Mike finds Johnny, drunk and distraught. He begs Mike to verify his alibi - that Linda had left his and Mike's place after an argument with Johnny, and that he heard Linda whistle for, and then saw her get into, a taxi.

When the police arrive at the scene they find a buckle from Linda's trench-coat on Johnny's apartment floor and, after finding Linda's body in the apartment building, they take Johnny in for questioning.

Searching for clues in the men's room of McGinnis' bar, Mike finds another buckle outside its window. He goes to Johnny and suggests the possibility that Johnny's memory might have failed him the night of the murder. While they are talking, the police arrive to arrest Johnny and he panics. Mike helps his friend by letting him escape out the back.

In order to persuade Mike to give Johnny up, Detective Heller takes Mike to the morgue to show him Linda's body. Heller then recounts the horrible details of Linda's death: After being choked, Linda was pushed, still alive, into the chute of the trash incinerator, and when he was unable to fit her in the tight space, the murderer shoved her in and broke her neck. The murderer then pulled her out and put her in a barrel on the roof.

Mike is disgusted by this, but still doesn't believe his friend murdered Linda. After disarming Johnny (who bought had bought a revolver with money Mike had given him to get by on while in hiding) he convinces him to come forward and clear his name. As they arrive home, Estelle is waiting for them with an older, possessive man named Alex Tremholt, who has been renting a room at the Mitchells' since the twins were young.

While they are there, Mike hears a woman whistle for a taxi, and realizes it must be the same one Johnny heard the night of the murder. Mike gives Tremholt the revolver and leaves to check on the whistler. When Tremholt insists on calling the police to arrest Johnny, he manages to escape once more. Detective Heller arrives and suspects Tremholt of having a long-standing, unrequited love for Estelle and of killing the innocent Linda, whom he mistook for Estelle, the object of his desire. With the truth being revealed, Mike hurries off to tell Johnny he is in the clear and cuts him down after nearly hanging himself.
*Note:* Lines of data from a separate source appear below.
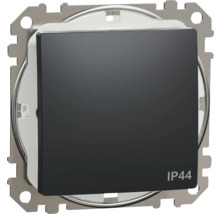 Vypínač Schneider Electric SEDNA SDD214106 IP44 střídavý ř.6 antracit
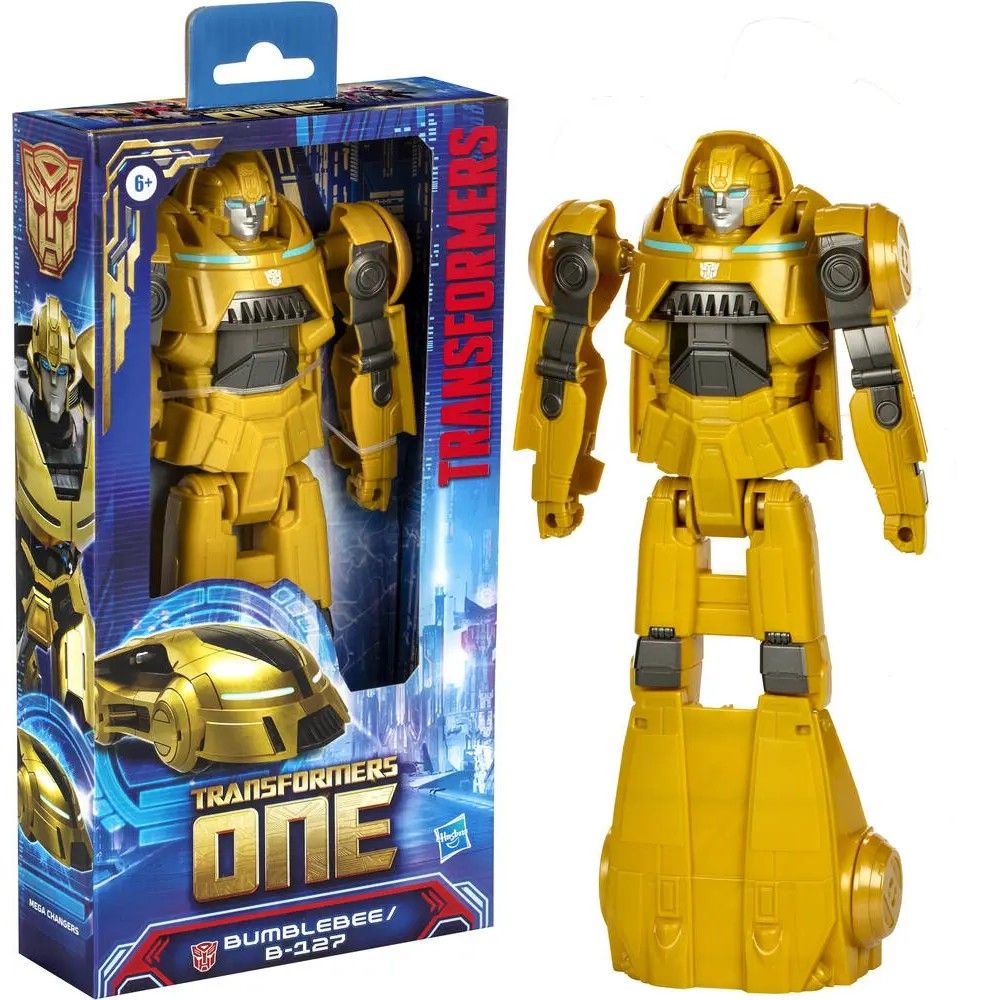 Transformers One - Sortido Figuras Transformáveis Mega Changers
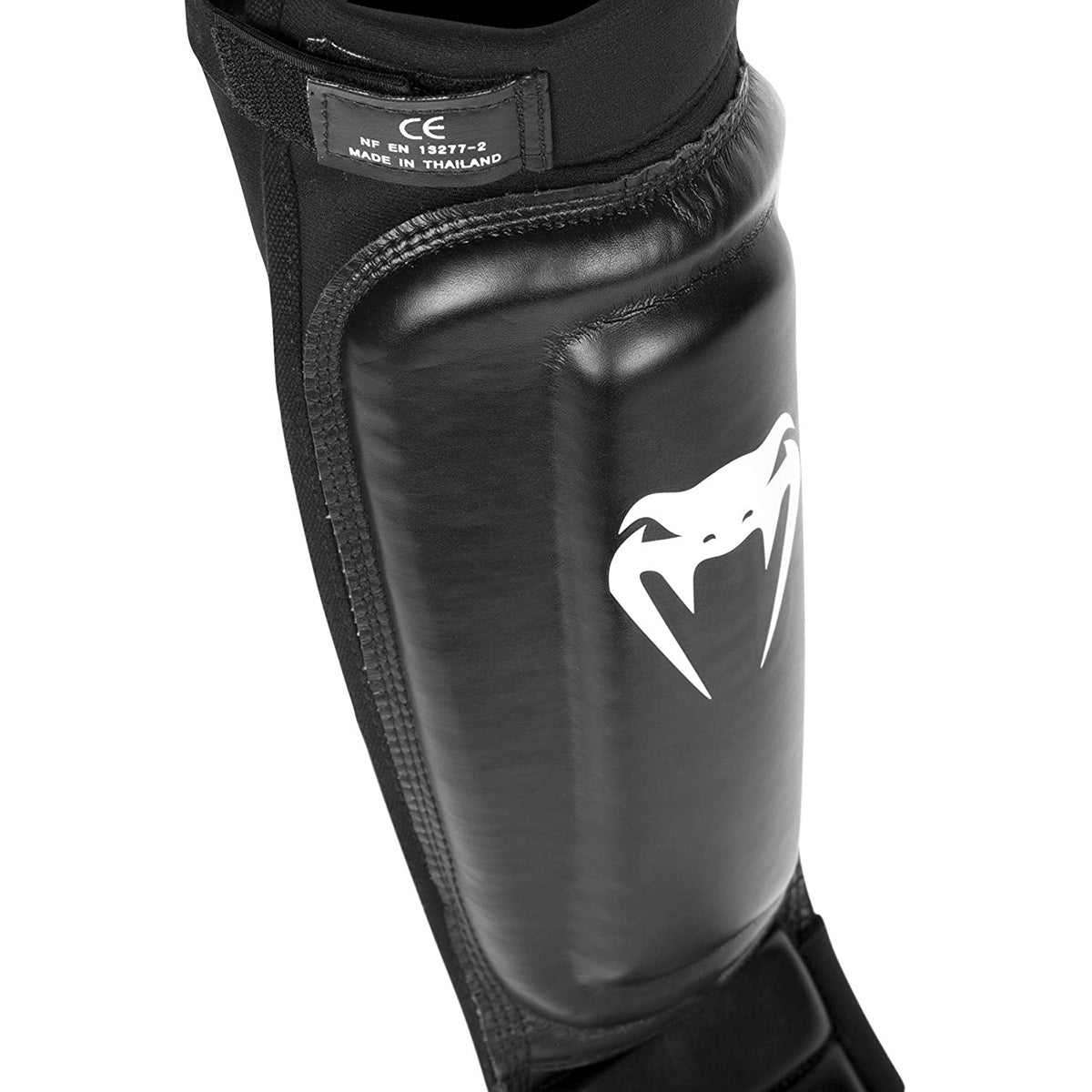 Venum 360 MMA Shin Instep Guards - Black - Forza Sports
Back in the present, Estelle shows up at McGinnis' and Mike drags her to his old apartment and insinuates that she committed the murder. When he enters the flat, however, Heller is waiting to arrest him. The detective reveals that Jake, the apartment janitor, recently found Linda's necklace in the incinerator chute with Mike's fingerprints all over it. It turns out that Mike killed Linda, believing she was Estelle. After telling Mike that he only held Tremholt to fool Mike he was in the clear, Heller accompanies him down the stairs and past Estelle into the night.

==Cast==
- Bonita Granville as Estelle Mitchell/Linda Mitchell
- Don Castle as Mike Carr
- Regis Toomey as Detective Heller
- John Litel as Alex Tremholt
- Wally Cassell as Johnny Dixon
- Thomas E. Jackson as Tim McGinnis
- Netta Packer as Mrs. Mitchell

==Production==
Jack Wrather was on vacation in Los Angeles where he met his old roommate, Castle, who was struggling in Hollywood after World War II. They wired author Woolrich asking how much the film rights were for his short story, "He Looked Like Murder". Following Woolrich's response, Wrather set up Jack Wrather Productions. Filming was completed in eight days.

==Reception==
===Box office===
The film was successful, generating a more than 200% return to Wrather.

===Critical response===
In a 2004 review film critic Dennis Schwartz gave the film a somewhat positive review, writing, "John Reinhardt economically directs a crisp crime thriller from the screenplay by Robert R. Presnell Sr. that is based on the short story "He Looked Like Murder" by Cornell Woolrich. Though the surprise ending is hardly convincing or for that matter original (Robert Siodmak's The Dark Mirror covered the same territory of identical twins in a superior fashion), and the acting was rather stiff, nevertheless this cheapie Monogram flick always kept me interested in the twisty plot and was quite engaging as it adequately covered the film noir conventions of following the dark sides of the main characters."